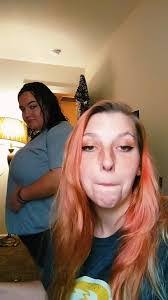 Amber Kloss's Instagram, Twitter & Facebook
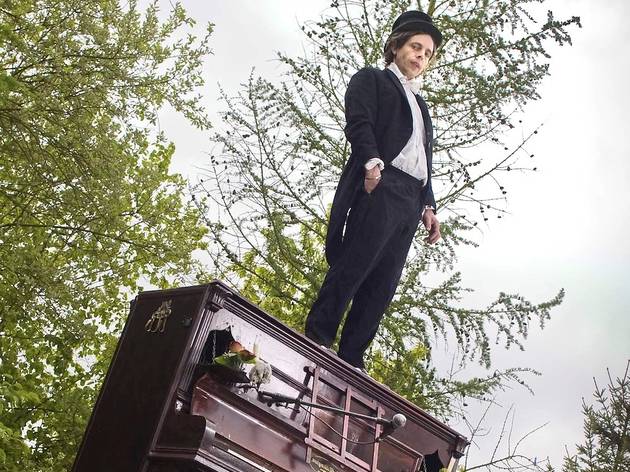 Rimsky (Oliver Cummings), mobile pianist Rimsky (Oliver Cummings), mobile pianist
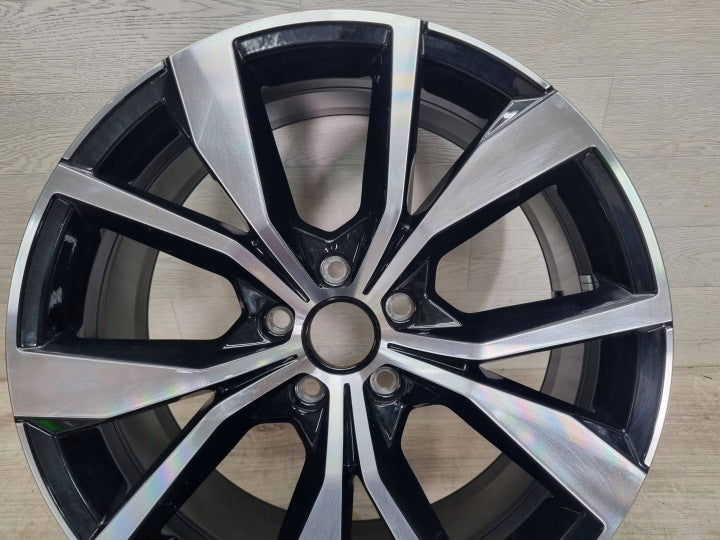 1x Alufelge 19 Zoll 8.0" 5x112 47ET Glanz Schwarz 2GA601025AK VW T-Roc Rim Wheel FEL9117612485hq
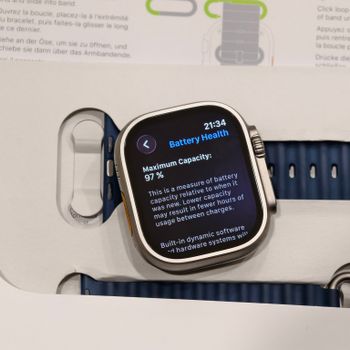 Apple Watch Ultra 2 GPS + Cellular 49mm
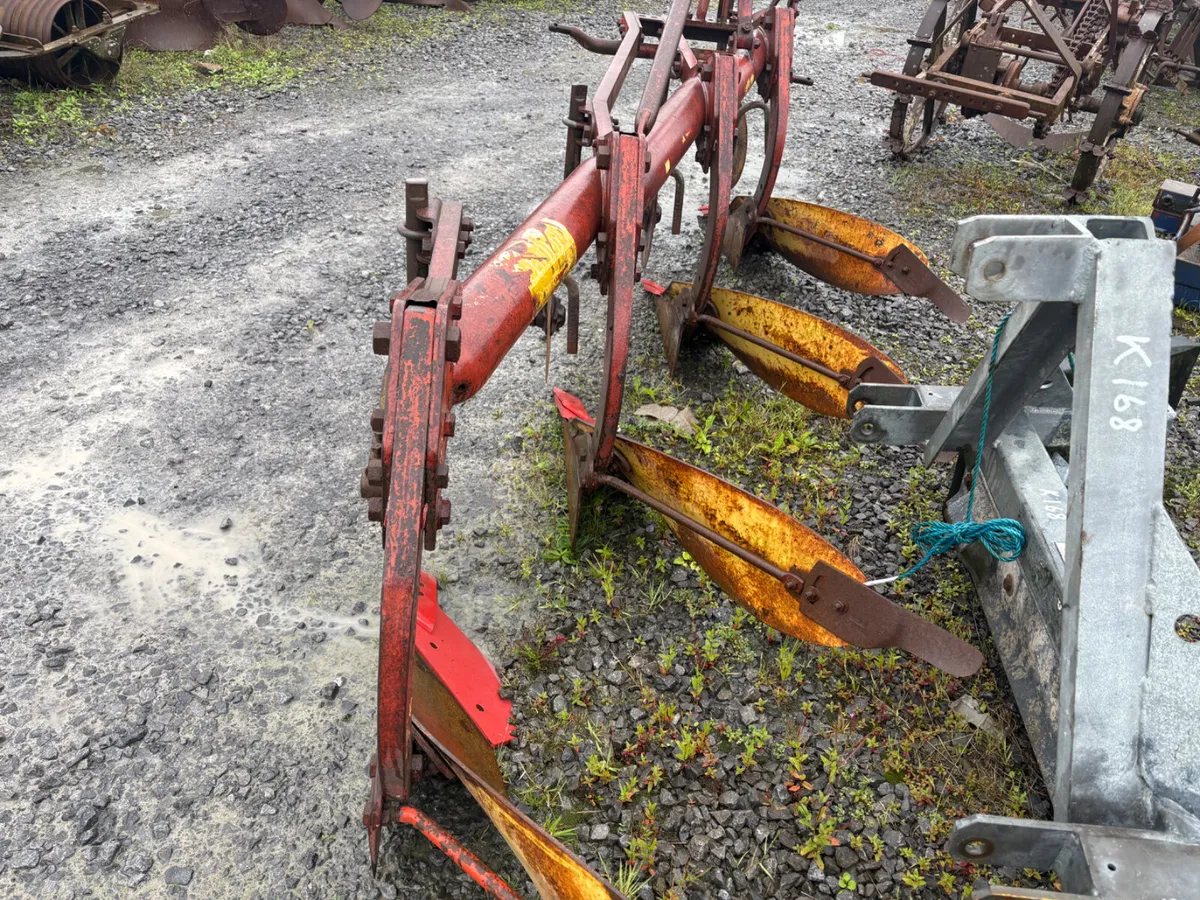 Kverneland 4 Furrow Plough - Image 3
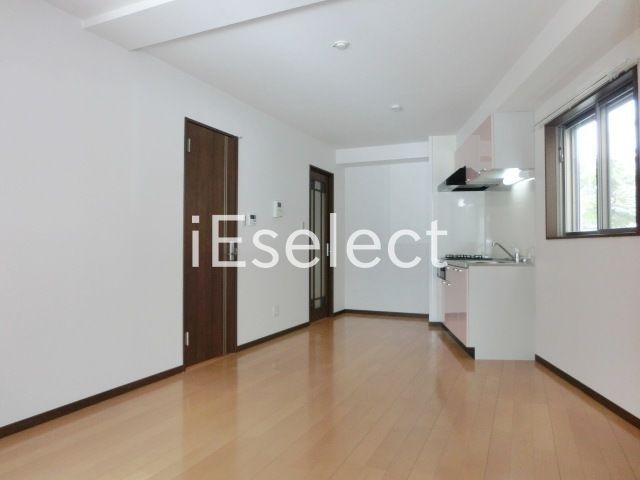 居室・リビング　明るいリビング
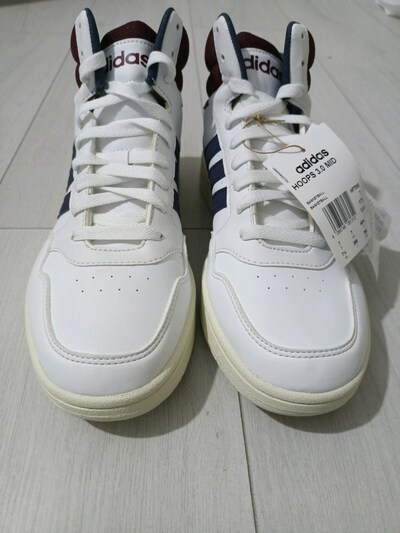 42 numara orijinal adidas marka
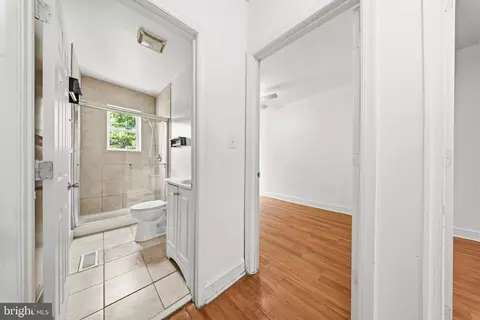 Entry Way - 2516 W Pratt St, Baltimore, MD 21223 photo 8 of 12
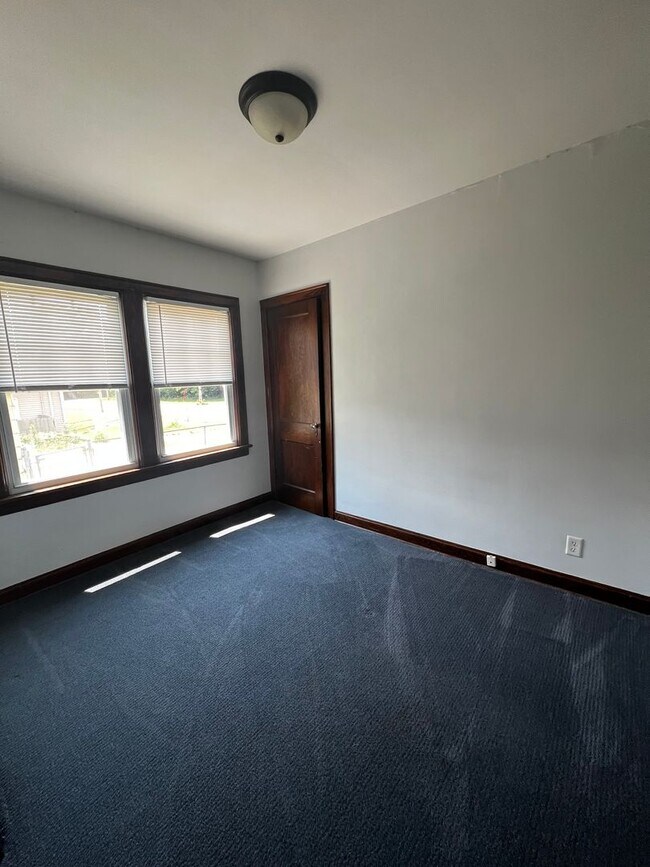Building Photo - 1455 W 12th St
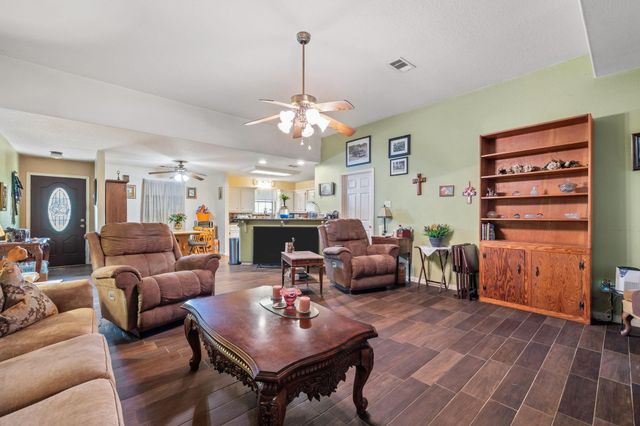 10826 28th Street, Santa Fe, TX 77510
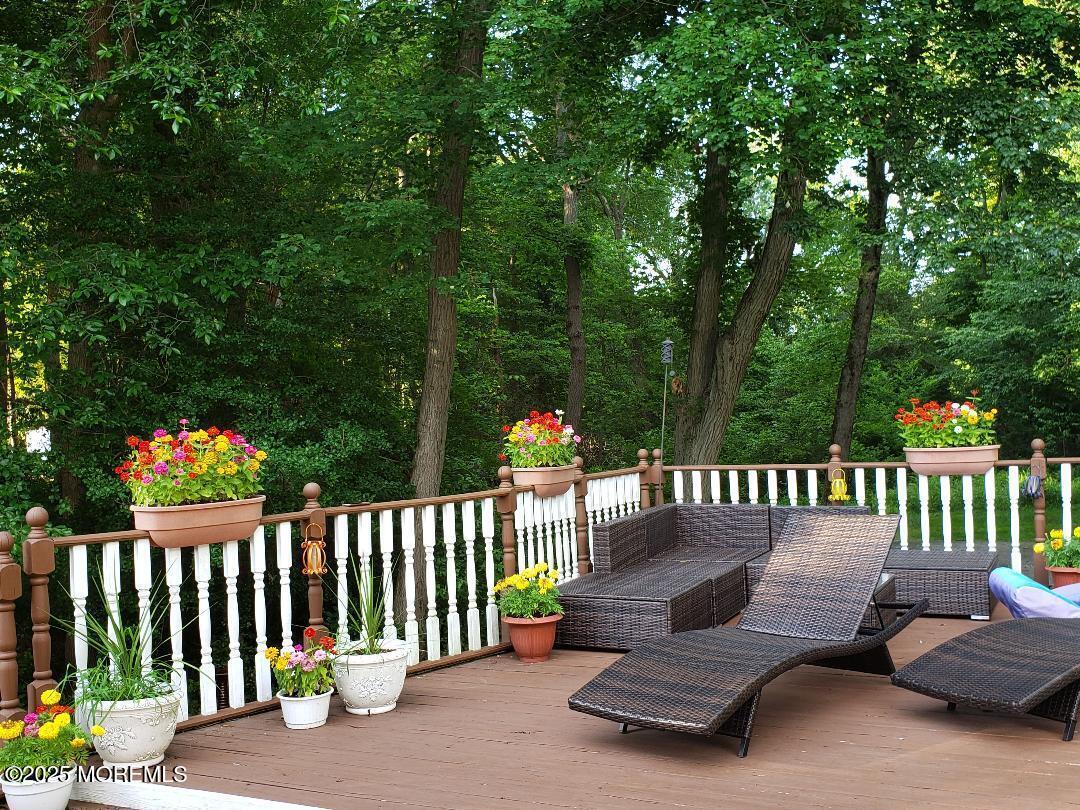 11 Ash Road Jackson, NJ 08527 - Photo 29 of 39 11 ash deck 3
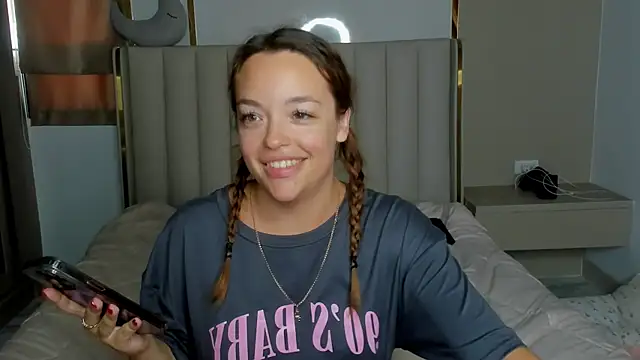 stellaa quenn online show from 04.09.26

*What is expected*: Nothing but the lines from the one with "Entry Way - 2516" through the end of the entries above, both included, should be set down, exactly and without pictures.

*Problem solution*:
 Entry Way - 2516 W Pratt St, Baltimore, MD 21223 photo 8 of 12
Building Photo - 1455 W 12th St
 10826 28th Street, Santa Fe, TX 77510
 11 Ash Road Jackson, NJ 08527 - Photo 29 of 39 11 ash deck 3
 stellaa quenn online show from 04.09.26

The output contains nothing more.